In this section you'll find the so called "Creator House Rules" for "Civilization: The Boardgame" written by myself in the spare time, supported by a group of friends and fan people of the game around the world.
These rules are formerly known as "Civilization CHR" and are not just a modification of the original rules but rather a complete replacement.

Besides the rules, CHR gives new cards, tools, pieces, reference tables, etc. to play this game in a new way. Many resources in CHR have been created by other people whom have contributed with their ideas to make the original Civilization a better game. CHR is an experiment to join the best of all these House Rules facing the problem to smooth conflicting rules. Moreover we added brand new concepts to the game mechanics.

For the impatient Download Section

To discuss directly with me or other people about this project go to the dedicated DotForumDot

 

The question:

was it really necessary?

Generally speaking No, but for me and others that have written their own house rules, probably YES.
I've tried to work on these problems/ideas:

1) Add variety to game strategies
2) Reduce the "Risk effect"
3) Reduce Luck (introducing balancing rules)
4) Give a chance to catch up on to unlucky players
5) Implement some PC game rules
6) Increase realism and players interaction
7) General game speed up (slowed down by new rules)
8) Better time management in slow phases or deadlocks
9) Having more "suspence" with destabilizing or unpredictable events
10) Increase simultaneous player goals

 

...as a result, these are the new features in addition/replacement of the original ones

Game setup
Greatly reduced initial luck to avoid excessive differences among players.
Civilizations
It is now possibile to choose a civilization type and obtain relative bonuses during the whole play session. There are 7 civilization types available: militaristic, expansionist, seafarer, religious, industrial, commercial and scientific.
Governments

Every player can choose to adopt a government type for his civilization at any time accepting pros and cons. This variant makes the boardgame more closer to the original PC game.

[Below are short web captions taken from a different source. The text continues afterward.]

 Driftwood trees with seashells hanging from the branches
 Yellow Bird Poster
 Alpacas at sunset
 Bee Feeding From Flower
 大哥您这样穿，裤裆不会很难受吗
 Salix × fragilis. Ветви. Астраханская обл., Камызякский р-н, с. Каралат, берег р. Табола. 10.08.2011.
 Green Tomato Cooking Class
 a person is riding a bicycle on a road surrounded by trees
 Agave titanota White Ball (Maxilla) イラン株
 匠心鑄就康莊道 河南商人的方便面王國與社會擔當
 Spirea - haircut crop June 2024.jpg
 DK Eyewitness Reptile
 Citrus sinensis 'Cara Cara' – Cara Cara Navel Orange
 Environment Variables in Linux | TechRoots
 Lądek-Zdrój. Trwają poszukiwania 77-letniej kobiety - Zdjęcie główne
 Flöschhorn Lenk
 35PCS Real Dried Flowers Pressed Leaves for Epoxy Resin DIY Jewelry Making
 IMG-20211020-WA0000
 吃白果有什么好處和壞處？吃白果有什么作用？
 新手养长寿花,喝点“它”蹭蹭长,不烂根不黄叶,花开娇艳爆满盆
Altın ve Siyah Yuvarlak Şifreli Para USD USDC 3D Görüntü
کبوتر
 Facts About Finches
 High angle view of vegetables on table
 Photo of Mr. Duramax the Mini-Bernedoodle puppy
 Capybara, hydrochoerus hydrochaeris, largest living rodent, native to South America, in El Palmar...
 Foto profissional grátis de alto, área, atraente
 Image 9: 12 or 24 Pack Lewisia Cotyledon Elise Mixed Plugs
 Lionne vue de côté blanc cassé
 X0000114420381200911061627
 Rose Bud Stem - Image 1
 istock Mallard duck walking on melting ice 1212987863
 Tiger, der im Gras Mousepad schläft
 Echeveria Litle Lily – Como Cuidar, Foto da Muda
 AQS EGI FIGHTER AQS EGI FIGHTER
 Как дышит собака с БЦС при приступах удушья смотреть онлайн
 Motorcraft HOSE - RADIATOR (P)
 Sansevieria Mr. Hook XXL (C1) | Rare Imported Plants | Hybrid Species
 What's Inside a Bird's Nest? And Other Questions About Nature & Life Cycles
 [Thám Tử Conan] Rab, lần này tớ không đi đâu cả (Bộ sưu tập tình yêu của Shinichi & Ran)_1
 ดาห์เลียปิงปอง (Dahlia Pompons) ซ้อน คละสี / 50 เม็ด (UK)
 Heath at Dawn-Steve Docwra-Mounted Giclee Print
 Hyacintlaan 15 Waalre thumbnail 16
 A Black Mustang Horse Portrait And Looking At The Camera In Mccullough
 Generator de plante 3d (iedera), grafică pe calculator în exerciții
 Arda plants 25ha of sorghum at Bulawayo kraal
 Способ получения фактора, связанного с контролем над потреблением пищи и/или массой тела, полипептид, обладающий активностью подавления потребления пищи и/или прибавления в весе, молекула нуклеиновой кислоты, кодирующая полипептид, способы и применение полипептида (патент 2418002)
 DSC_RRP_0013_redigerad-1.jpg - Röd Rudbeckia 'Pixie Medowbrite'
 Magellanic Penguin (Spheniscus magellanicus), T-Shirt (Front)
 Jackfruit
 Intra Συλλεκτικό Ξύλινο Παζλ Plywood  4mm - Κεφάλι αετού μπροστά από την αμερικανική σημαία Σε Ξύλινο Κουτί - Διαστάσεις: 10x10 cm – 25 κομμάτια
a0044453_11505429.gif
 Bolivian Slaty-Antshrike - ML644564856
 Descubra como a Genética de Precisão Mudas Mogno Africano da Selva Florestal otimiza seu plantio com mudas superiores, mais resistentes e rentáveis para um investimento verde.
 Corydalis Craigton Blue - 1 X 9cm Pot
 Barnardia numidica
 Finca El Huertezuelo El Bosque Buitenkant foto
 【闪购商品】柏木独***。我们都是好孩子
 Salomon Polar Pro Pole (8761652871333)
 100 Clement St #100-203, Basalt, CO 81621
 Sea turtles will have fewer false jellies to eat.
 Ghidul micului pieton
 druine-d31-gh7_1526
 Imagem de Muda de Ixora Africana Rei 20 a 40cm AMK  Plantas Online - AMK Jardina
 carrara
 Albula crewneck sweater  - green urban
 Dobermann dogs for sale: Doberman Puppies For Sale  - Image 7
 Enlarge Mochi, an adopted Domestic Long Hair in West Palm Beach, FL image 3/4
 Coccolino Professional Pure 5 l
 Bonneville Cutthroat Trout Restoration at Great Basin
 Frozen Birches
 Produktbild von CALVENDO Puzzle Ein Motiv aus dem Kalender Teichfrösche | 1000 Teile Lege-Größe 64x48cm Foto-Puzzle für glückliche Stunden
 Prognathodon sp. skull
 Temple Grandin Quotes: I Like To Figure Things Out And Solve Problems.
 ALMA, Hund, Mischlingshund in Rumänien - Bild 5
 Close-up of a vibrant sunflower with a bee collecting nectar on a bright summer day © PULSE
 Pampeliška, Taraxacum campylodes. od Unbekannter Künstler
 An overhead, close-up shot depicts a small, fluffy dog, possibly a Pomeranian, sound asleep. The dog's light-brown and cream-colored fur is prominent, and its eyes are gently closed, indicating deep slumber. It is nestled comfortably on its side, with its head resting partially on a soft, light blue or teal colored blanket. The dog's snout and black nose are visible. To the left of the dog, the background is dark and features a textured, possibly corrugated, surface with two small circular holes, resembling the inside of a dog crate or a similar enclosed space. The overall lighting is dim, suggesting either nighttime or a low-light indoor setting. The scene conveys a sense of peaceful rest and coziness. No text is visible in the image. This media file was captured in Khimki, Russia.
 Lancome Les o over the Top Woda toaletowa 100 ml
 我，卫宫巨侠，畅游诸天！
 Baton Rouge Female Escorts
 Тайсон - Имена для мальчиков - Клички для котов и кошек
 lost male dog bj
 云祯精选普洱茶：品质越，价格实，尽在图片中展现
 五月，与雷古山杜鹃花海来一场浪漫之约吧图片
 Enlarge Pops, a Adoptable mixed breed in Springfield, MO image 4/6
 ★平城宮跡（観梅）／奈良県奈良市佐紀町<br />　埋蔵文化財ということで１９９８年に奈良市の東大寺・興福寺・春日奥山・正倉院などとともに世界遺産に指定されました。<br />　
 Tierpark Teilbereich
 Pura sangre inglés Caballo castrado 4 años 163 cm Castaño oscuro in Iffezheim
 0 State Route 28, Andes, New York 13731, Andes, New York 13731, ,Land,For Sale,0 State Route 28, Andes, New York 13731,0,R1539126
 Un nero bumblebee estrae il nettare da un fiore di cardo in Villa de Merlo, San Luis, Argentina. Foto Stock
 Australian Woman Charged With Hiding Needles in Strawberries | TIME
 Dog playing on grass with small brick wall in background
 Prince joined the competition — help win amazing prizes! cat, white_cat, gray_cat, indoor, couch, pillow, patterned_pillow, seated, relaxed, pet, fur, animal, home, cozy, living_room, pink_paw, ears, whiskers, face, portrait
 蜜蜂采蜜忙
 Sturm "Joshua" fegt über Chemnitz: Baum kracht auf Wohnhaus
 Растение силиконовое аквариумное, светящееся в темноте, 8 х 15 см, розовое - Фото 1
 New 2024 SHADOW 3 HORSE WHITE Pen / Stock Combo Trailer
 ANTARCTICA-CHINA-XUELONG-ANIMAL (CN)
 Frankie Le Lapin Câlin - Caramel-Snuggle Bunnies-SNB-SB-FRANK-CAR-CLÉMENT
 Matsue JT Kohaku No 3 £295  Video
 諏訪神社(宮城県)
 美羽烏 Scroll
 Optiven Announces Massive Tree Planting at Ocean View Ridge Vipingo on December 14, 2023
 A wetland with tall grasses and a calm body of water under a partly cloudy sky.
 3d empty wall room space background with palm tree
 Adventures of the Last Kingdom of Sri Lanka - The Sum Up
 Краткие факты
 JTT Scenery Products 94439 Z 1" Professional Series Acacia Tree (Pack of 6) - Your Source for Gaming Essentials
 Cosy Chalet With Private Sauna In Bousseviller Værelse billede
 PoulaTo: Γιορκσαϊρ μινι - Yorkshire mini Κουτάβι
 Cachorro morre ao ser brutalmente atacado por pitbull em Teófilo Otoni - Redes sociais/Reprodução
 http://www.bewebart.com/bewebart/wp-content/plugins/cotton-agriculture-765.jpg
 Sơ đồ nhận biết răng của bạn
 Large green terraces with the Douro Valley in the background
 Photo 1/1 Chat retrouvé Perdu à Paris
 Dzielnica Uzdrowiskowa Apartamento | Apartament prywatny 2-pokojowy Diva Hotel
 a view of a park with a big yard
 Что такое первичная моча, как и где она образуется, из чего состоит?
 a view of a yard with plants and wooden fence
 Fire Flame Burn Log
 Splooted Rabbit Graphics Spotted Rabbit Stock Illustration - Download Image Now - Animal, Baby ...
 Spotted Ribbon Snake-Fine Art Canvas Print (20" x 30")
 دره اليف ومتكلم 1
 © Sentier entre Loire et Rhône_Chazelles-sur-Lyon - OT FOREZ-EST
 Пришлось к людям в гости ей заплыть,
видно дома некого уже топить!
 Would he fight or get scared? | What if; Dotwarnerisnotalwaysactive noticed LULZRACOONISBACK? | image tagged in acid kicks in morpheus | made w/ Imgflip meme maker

Governments include: despotism, monarchy, republic, democracy, fascism, fundamentalism and communism.

Strategy cards
These cards are mini objectives that, if completed, reward players with a lot of different prizes like gold, units, special bonuses and more.
War and rewards
You can land and bombard with fleets and retreat with any unit. War is now more complex and strategically more interesting. If you win or just join a battle you get experience points that can be used later to get interesting prizes: a good reason to go to war.
Even settlers can be captured!
Roads, railroads, docks and airports

It is now possible to build roads and upgrade it to railroads. Roads and railroads are used to speed up movements and commerce. A road represent also a dock and a railroad represent also an airport used to build fleets and airplanes.

Resources
Gems and Wine are not the only worth having resources. Others resources have also special bonuses, depending on the Era.
Prospection & Terraforming
You can now prospect empty regions to have a second chance to discover something.
With terraforming you can even improve deserts, forests and mountains.
Barbarians & Civil war
When you discover a Minor Civilization you can encounter hostile barbarians: they will act as a thinking player by using artificial intelligence rules.
During the early eras you can experience a civil war in your unhappy settlements.
Revolts
In unhappy cities you can experience revolts if you have a certain type of government, civilization, or military absence.
Revolutions
With some governments if you have more unhappy cities than happy ones your civilization will automatically engage a revolution.
Events
At each turn it can happen a good or bad event for any region or player. Among bad events there are natural disasters like volcanoes, hurricanes, plagues, etc. Depending on the intensity roll the natural event can be light or devastating. Certain type of events can subvert the game flow.
Intelligence
Spies are now part of the game set. You can try to accomplish tricky missions to damage your opponents or as a support for war.
Obsolescence

City improvements do not cease to be useful after changing Era. Previous Era improvements have half value; you need two of them to make a city happy or productive. Improvements older that 2 Eras have to be considered obsolete and therefore eliminated.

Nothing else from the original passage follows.